Montag, Juli 02, 2007
Editing and Persistence
Most of you know HTML, the HyperText Markup Language, which is at the heart of web technology. For those who don't know it: The content of a web page is described with HTML. HTML structures the content of a web page hierarchically. Furthermore, the content is annotated by so-called tags. A tag indicates the logical purpose of a piece of content. Is some content supposed to be a header, a paragraph, a highlighted word etc.? For further info see e.g. Wikipedia on HTML or any other of the hundreds of resource about HTML.
We call the logical model of a language (like HTML) its form. The form contains language conceptions and their relations. Together with a syntax definition, a notation, the logical model can be serialized as a stream of characters. It's a both way thing. The character stream can be transformed into a form and vice versa. In case of HTML, it's the HTML syntax, the textual form which is send as messages via HTTP.
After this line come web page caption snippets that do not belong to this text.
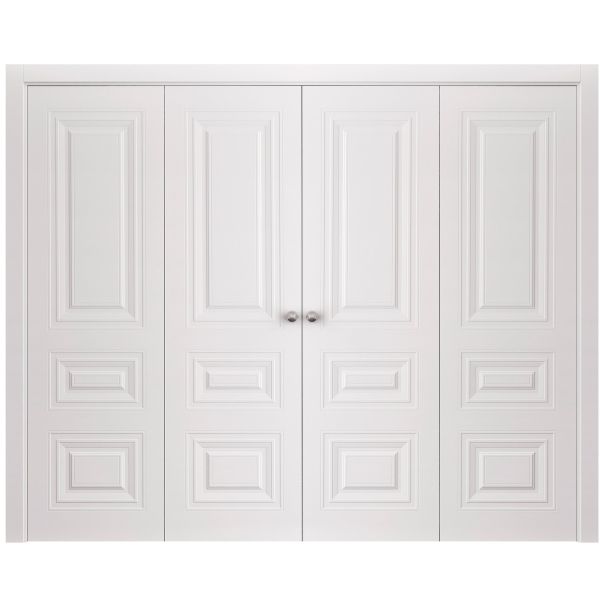 Sliding Closet Double Bi-fold Doors 72 x 80 inches | BASIC 9233 White | Sturdy Tracks Moldings Trims Hardware Set | Wood Solid Bedroom Wardrobe Doors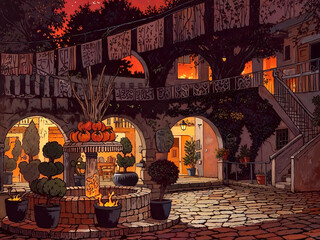 woodcut style illustration of Mexican style courtyard decorated for Halloween with pumpkins and Papel picado (cut paper decorations) in evening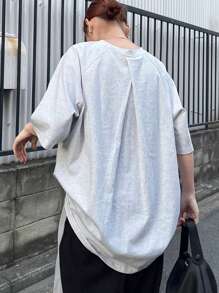 FRIFUL Women Loose Back Pleats Raglan Sleeve Blouse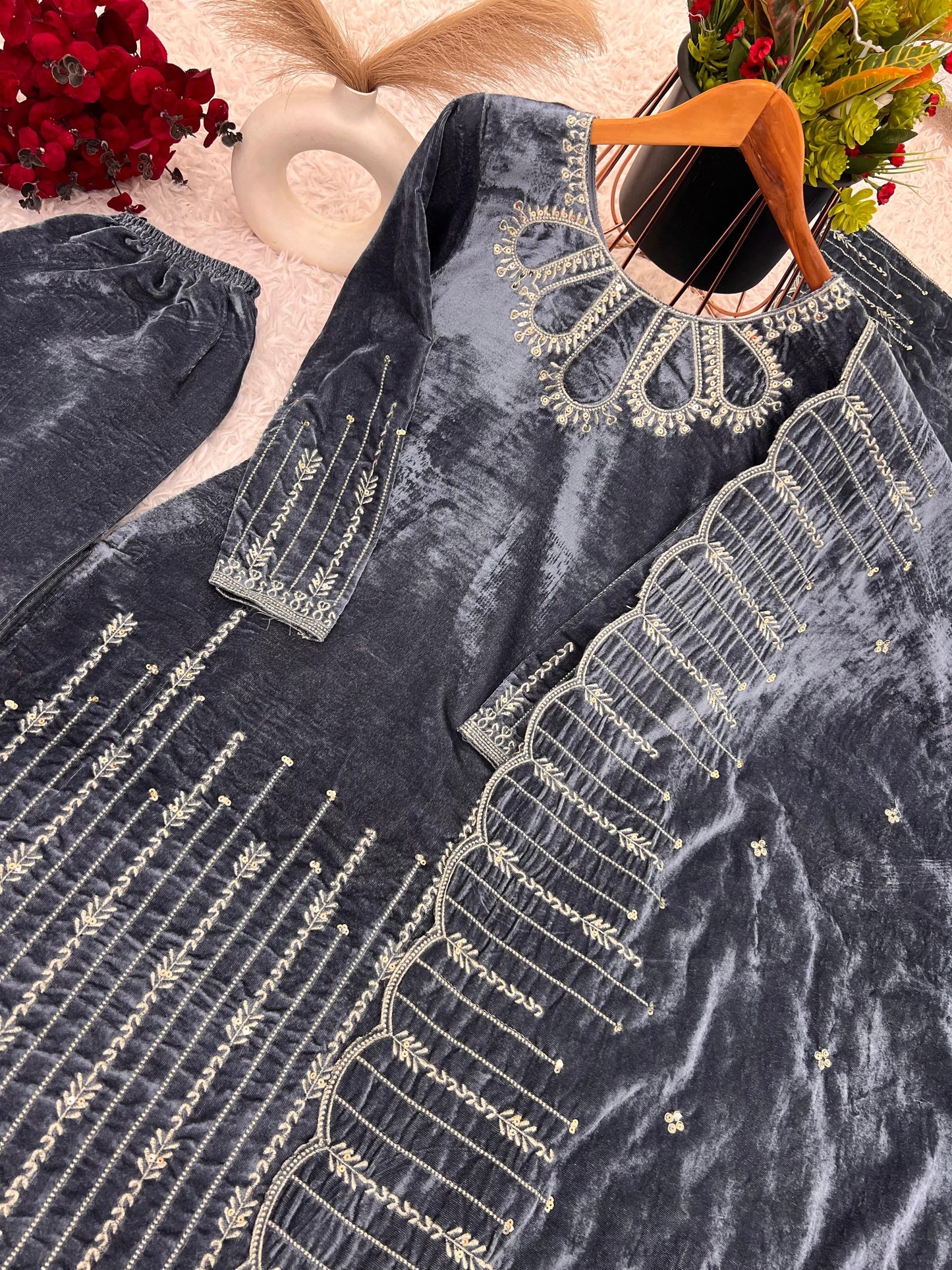 Heavy Viscose Velvet With Heavy Embroidery Sequence Work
To produce a projection, a visual representation of the form, the rendering engine processes the form and a style definition -- something like CSS, for example. That's the way, how something appears on the screen.
The upper part of our figures makes up what can be called editing, the lower part realizes persistence.
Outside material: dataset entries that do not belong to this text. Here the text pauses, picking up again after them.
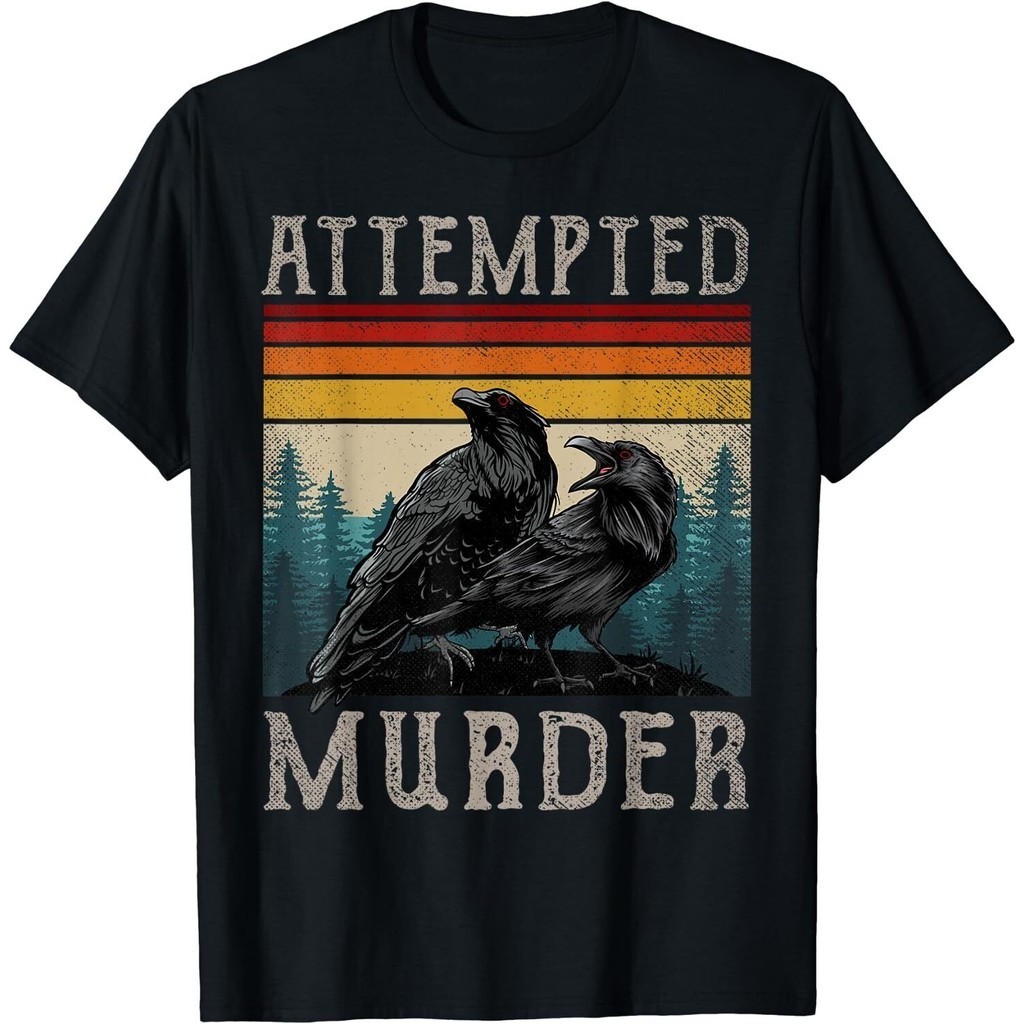 เสื้อยืด พิมพ์ลาย Attempted Murder Crows &amp; Ravens Edgar Allen Poe สําหรับผู้ชาย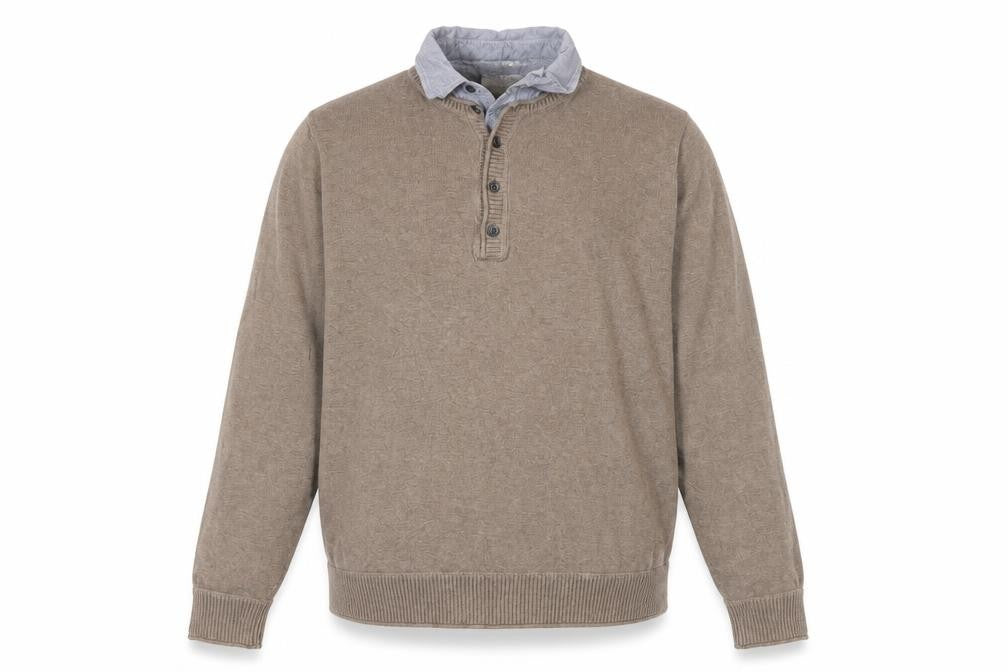 Front view of Marks & Spencer men’s beige collared cotton henley jumper, size M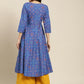 Women Blue Bandhani Printed Anarkali Kurta ( JOK 1439 Blue )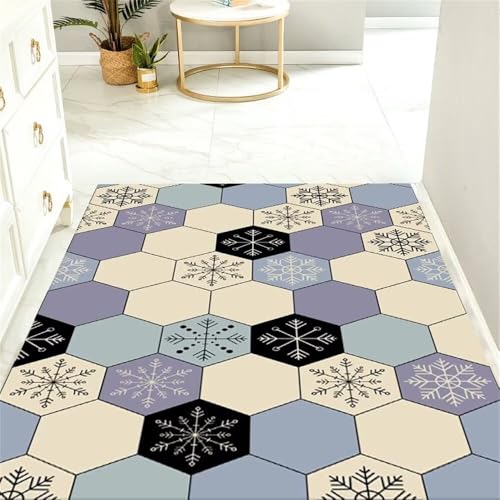 Tapis géométrique hexagonal violet grand format doux salon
Just some years ago, the traditional form of writing code had a misconception (and it's still widely spread): To edit code one uses a more or less advanced text editor. If you call the structure of a programming language its form and its textual notation its syntax, it's somewhat strange why one wants to work on a serialization format and not on the form directly, benefiting from advanced projections and a powerfull I/O-model. That is where modern IDEs like Eclipse move to. Internally, Eclipse builds up a model of the code, which represents its form -- technically speaking, it is an Abstract Syntax Tree (AST). This give you cool features like automated refactoring, word completion etc. However, the actual syntax of, say, Java or C#, is too restricted and too simple, to be an suitable snapshot of the code's form. And that's a pitty. There are only very few new approaches, like Intentional Programming, which realized the limitations a today's code syntaxes.
To summarize, what we discussed here:
HTML is just a serialization format for the exchange of content that is otherwise represented in form of an object model called DOM. This serialization format is the prerequisite to send content around in HTTP messages. But the HTML format is nothing a browser works internally with. It's the object model instead.
If we apply the editing/persistence-model on programming languages, we have to conclude that programming languages are historically driven by a text-based serialization format, which is -- today -- not appropriate anymore.